Ini menunjukkan, meski PPKM kelak dilonggarkan dan pabrik-pabrik bisa beroperasi lebih leluasa, selama laju penularan Covid-19 belum terkendali, kinerja industri manufaktur tetap akan menurun.
Lagi pula, kendati melambat, bukan berarti industri dipaksa menginjak rem dan berhenti total. Pemerintah masih mengizinkan industri esensial berorientasi ekspor dan industri kritikal beroperasi dengan kapasitas tertentu selama PPKM.
Kementerian Perindustrian meyakini, ekspansi yang dialami di awal tahun ini akan menjadi bekal yang menjaga resiliensi industri manufaktur selama PPKM. Tentu, keyakinan pemerintah perlu dilengkapi dengan sistem izin operasional dan mobilitas kegiatan industri (IOMKI) yang lebih disiplin.

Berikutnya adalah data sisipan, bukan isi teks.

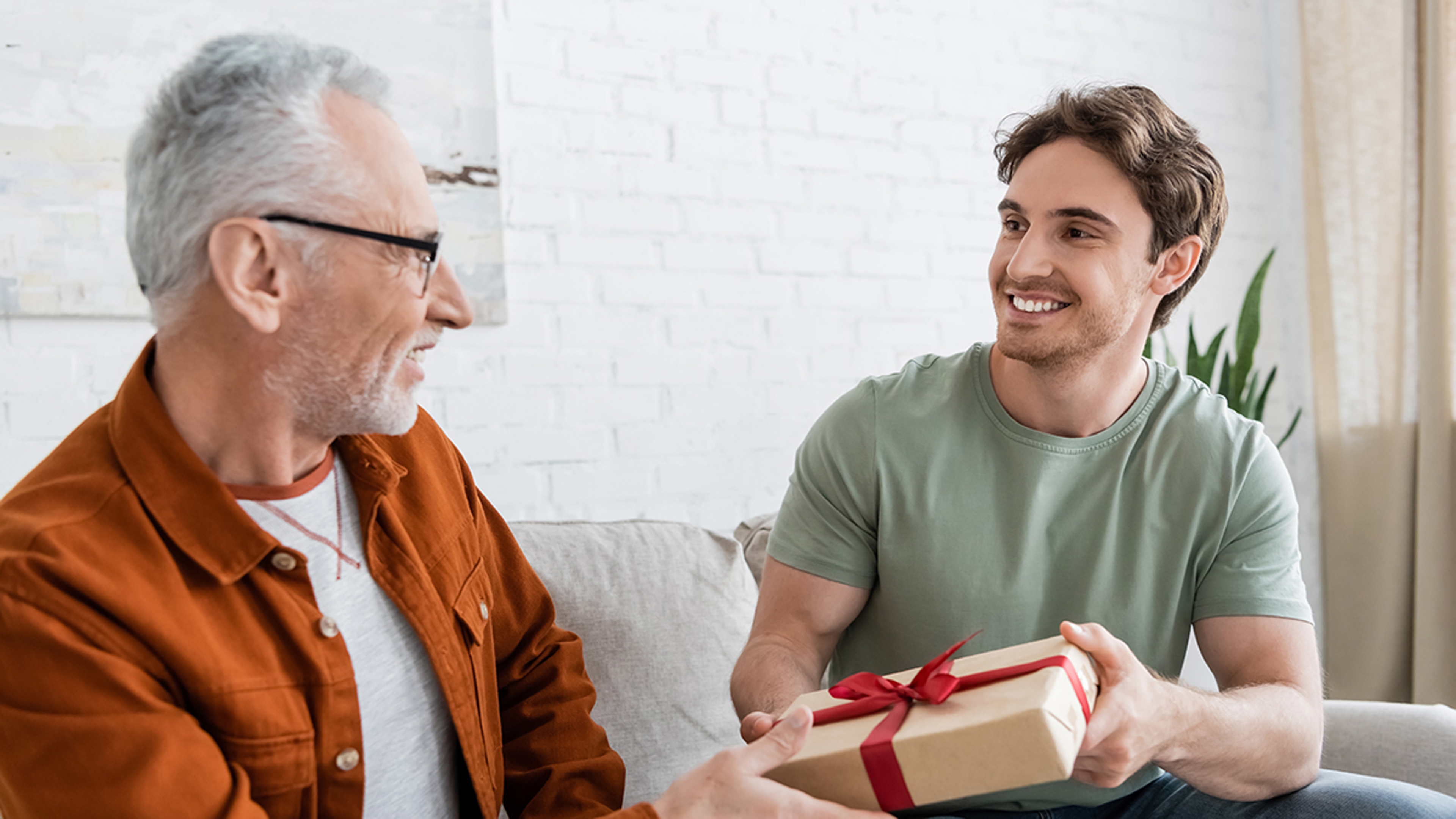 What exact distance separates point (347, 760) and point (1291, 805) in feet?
3.63

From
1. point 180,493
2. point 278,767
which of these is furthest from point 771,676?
point 180,493

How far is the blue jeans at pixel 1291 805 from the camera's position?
1280mm

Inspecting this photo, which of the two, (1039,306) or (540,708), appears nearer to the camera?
(540,708)

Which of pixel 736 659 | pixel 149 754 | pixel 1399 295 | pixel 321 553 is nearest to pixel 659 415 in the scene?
pixel 736 659

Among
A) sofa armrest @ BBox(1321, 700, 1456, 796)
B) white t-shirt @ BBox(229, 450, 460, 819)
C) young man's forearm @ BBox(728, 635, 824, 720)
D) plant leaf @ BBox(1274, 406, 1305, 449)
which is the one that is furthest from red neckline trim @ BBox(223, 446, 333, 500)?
plant leaf @ BBox(1274, 406, 1305, 449)

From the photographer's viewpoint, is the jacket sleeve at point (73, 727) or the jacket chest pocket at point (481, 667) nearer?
the jacket sleeve at point (73, 727)

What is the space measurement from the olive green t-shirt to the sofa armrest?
440 mm

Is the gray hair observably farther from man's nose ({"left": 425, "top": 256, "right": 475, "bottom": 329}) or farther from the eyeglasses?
man's nose ({"left": 425, "top": 256, "right": 475, "bottom": 329})

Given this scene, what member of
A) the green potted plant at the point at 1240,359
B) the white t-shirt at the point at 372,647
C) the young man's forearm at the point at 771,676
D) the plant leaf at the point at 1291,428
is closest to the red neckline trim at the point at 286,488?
the white t-shirt at the point at 372,647

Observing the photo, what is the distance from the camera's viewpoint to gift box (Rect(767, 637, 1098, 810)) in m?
0.95

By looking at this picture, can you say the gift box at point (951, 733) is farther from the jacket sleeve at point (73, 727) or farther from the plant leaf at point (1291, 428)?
the plant leaf at point (1291, 428)

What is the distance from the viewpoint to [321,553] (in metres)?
1.11

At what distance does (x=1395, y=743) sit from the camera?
1724 millimetres

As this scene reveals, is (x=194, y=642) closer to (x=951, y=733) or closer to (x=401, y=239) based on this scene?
(x=401, y=239) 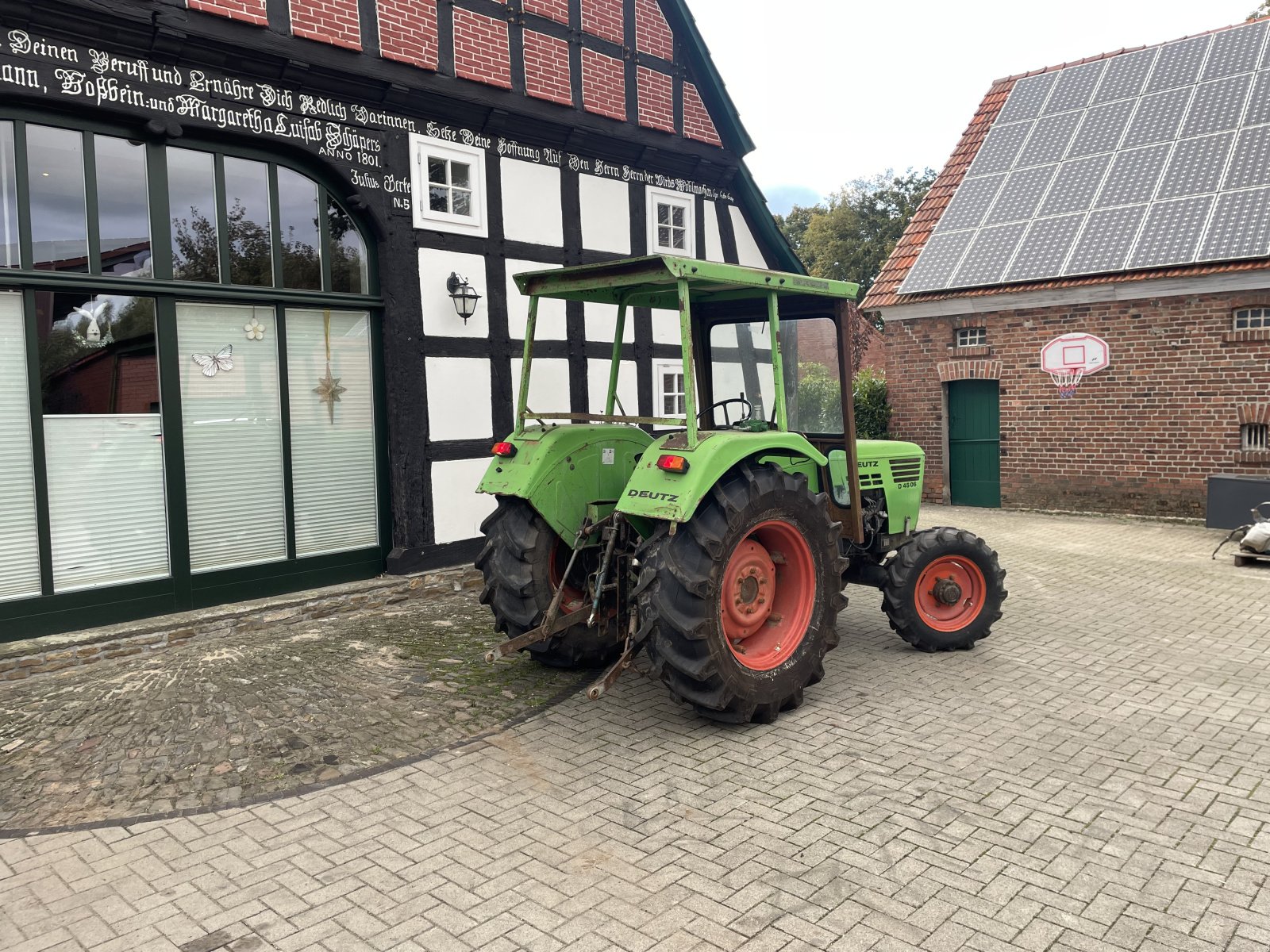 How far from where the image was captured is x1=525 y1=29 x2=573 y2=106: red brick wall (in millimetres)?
8539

Hanya dengan sistem monitoring dan evaluasi kuat, industri esensial dan kritikal dapat tetap berjalan selama PPKM, tanpa perlu mengorbankan aspek kesehatan dan memunculkan kluster-kluster penularan baru.
Gelombang baru
Hal lain yang patut diwaspadai adalah tren gelombang varian baru di tingkat global. Selain Indonesia, beberapa negara Asia Tenggara lain juga tengah menghadapi ledakan kasus Covid-19.
China, sebagai raksasa ekonomi global dan mitra dagang utama Indonesia, tiga hari lalu melaporkan kenaikan kasus Covid-19 terbanyak sejak Januari 2021. Perekonomian China pun tercatat melambat pada Juli 2021.
Amerika Serikat juga dilaporkan mulai waswas dengan perkembangan varian baru Covid-19 yang jauh lebih ganas. Beberapa negara bagian mulai mempertimbangkan lagi pengetatan pembatasan dan penguncian wilayah.
Di tengah kondisi yang serba tidak pasti, Dana Moneter Internasional (IMF) merevisi proyeksi pertumbuhan ekonomi Indonesia dan beberapa negara Asia. Proyeksi pertumbuhan ekonomi Indonesia sendiri dikoreksi dari awalnya 4,3 persen menjadi 3,9 persen.
Mengingat nasib sektor manufaktur sangat bergantung pada perekonomian negara lain, ini menjadi lampu kuning. Ketidakpastian ekonomi negara mitra dagang serta penanganan Covid-19 di dalam negeri yang belum terkendali memaksa industri manufaktur melambat dulu.
Seperti kata pepatah, tidak apa-apa lambat, asal selamat.